П. Щёголев впоследствии вспоминал: «...жил я в Воронеже, учился в местной гимназии, был уже в седьмом классе, давал уроки... Мой самый приятный «урок» был в семье Русановых, где я состоял репетитором 12-летнего мальчика из второго или третьего класса».
    Когда этот мальчик, необычно рассеянный в тот день, объявил Щёголеву о «сюрпризе», который ждёт его за вечерним чаем, заниматься уже не мог ни ученик, ни учитель.
    «Наконец, – продолжает П. Щёголев, – нас позвали к чаю. За столом сидела вся семья. Было как-то наряднее и светлее, чем обыкновенно, видно было, что кого-то ждали. Глава семьи не без лукавства поглядывал на меня. Послышался шум в передней, все насторожились. Вошёл Толстой.
    Поздоровался. Меня представили. Волнуясь, комкая слова, еле слышно я назвал свою фамилию. Совершенно неожиданно Лев Николаевич, вглядываясь пристально, переспросил: «Как ваша фамилия?». Глубокий, пронзительный взор. Первое впечатление: показалось, о чём бы ни спросил этот человек, на всё ответил бы, не умолчал, не скрыл...».
    Вечер встречи с Толстым запомнился каждому и навсегда. Все чувствовали, что присутствуют при свершении чего-то важного и большого, что подобные минуты бывают в жизни очень редко и никогда не повторятся. Беседа с Толстым, всё, что он говорил в тот вечер, – было и значительным, и милым, а порою наполнялось мягкой грустью его воспоминаний о литературной жизни былого.
    «Вечер пролетел незаметно, – пишет Г. А. Русанов, – и я никогда не забуду его. Висящая над столом лампа освещала оживлённые лица и блестящие глаза, устремлённые со всех сторон на Льва Николаевича. А он был весел, оживлён и много говорил».
    В тот вечер разговор шёл о русской литературе. Л. Н. Толстой заметил, в частности: «Изящная литература теперь кончилась, как новое. <...> Прежде в литературе было не то – вырабатывались новые формы. «Записки охотника», «Мёртвые души», «Записки из мёртвого дома», Аксакова «Семейная хроника», наконец... без ложной скромности, моё «Детство и отрочество» – это все были новые формы... Теперь это кончилось».
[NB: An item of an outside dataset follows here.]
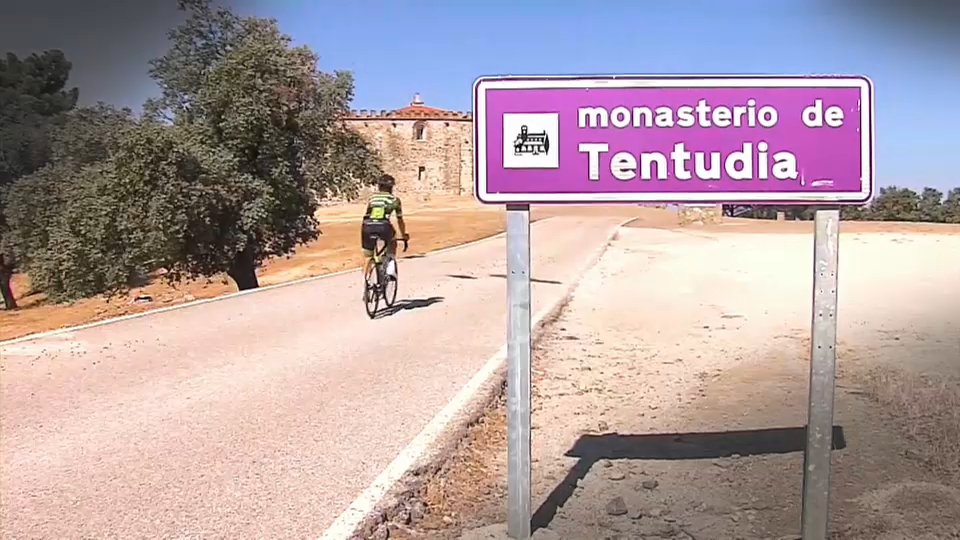 Monasterio de Tentudía acogerá la meta de la etapa 17 de La Vuelta ciclista a España 2022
    Хозяин дома достал с полки недавно купленный им том «Современника» 50-х гг., где был напечатан рассказ брата писателя – Николая Николаевича Толстого — «Охота на Кавказе». Лев Николаевич взял в руки журнал и с грустью сказал: «Да, всё это прошло!.. А как хороша эта статья брата! И вообще хорошие тут вещи... Кто тут еще? Островский, его «Праздничный сон до обеда», Фет... Всё это прошло...» [3, с. 104].
    За час до полуночи Л. Н. Толстой с дочерью и те, кто его провожал, поехали к вокзалу. Возбуждённые участники вечернего чаепития вышли на улицу. Отъезжавшие уселись в коляски. Свежий весенний дух бродил по городу, будоражил мысли, пьянил и радовал, вселяя светлые надежды.
    У вокзала и на перроне в тот вечер собралось много народу. Л. Н. Толстого быстро узнали и окружили плотным кольцом. Кто-то из публики, пробравшись сквозь толпу, сказал Толстому несколько слов восхищения его талантом и творчеством, назвав имя писателя великим и пожелав ему долгих лет жизни.
    Толстой прощался со своими друзьями, и видно было, что он искренне взволнован происходящим. К поезду уже прицепили паровоз, он стоял под парами, готовый вот-вот укатить в затемнённую даль. Провожающие вдруг засуетились, заговорили громче, торопливей. Ударил третий звонок, и поезд медленно отошёл от высокого, крытого перрона...
    Толстой уехал, но память о его пребывании в Воронеже долго жила в доме Русановых. Уже осенью Гавриил Андреевич в большом, как обычно, письме к Толстому, сообщал: «Живём мы на той же квартире. После того, как Вы были в ней, я с сожалением перейду на другую. Всё в ней по-прежнему, только в гостиной на столике прибавился новый бюст Ваш... и на стене в моей комнате – недурной литографированный портрет Ваш...».
    Квартира, где побывал великий писатель, стала для Русанова дорогим памятным местом.